[Supplied data]
━━━━━━━━
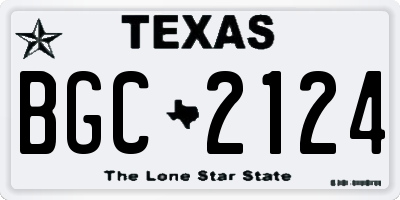 TX license plate BGC2124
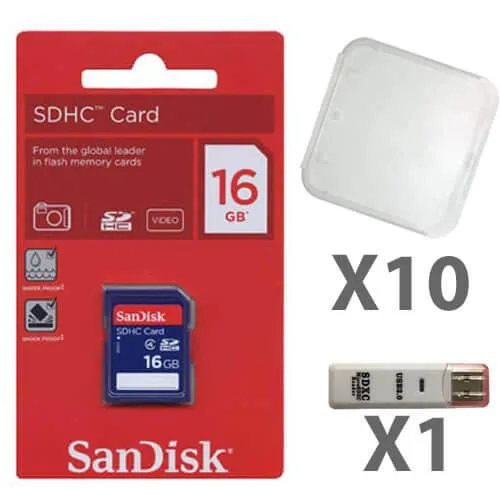 Ten blue SDHC cards in clear cases plus black USB reader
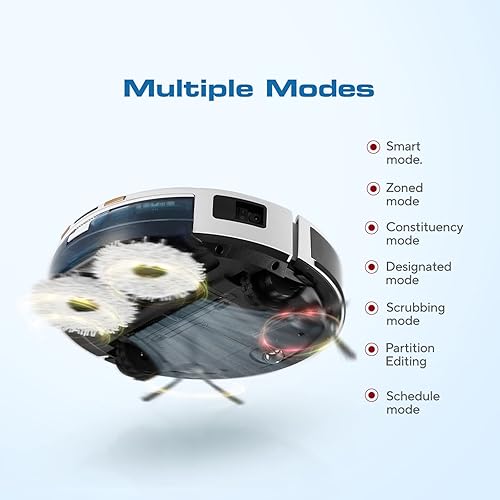 Miniatura 6 de Combo de estación de trapeador robot y aspiradora, autolimpieza 4 en 1, mapeo inteligente, succión fuerte de 2500 Pa, tiempo de ejecución de 170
━━━━━━━━
Set out the material once more, exact in every line, with no images.

 TX license plate BGC2124
 Ten blue SDHC cards in clear cases plus black USB reader
 Miniatura 6 de Combo de estación de trapeador robot y aspiradora, autolimpieza 4 en 1, mapeo inteligente, succión fuerte de 2500 Pa, tiempo de ejecución de 170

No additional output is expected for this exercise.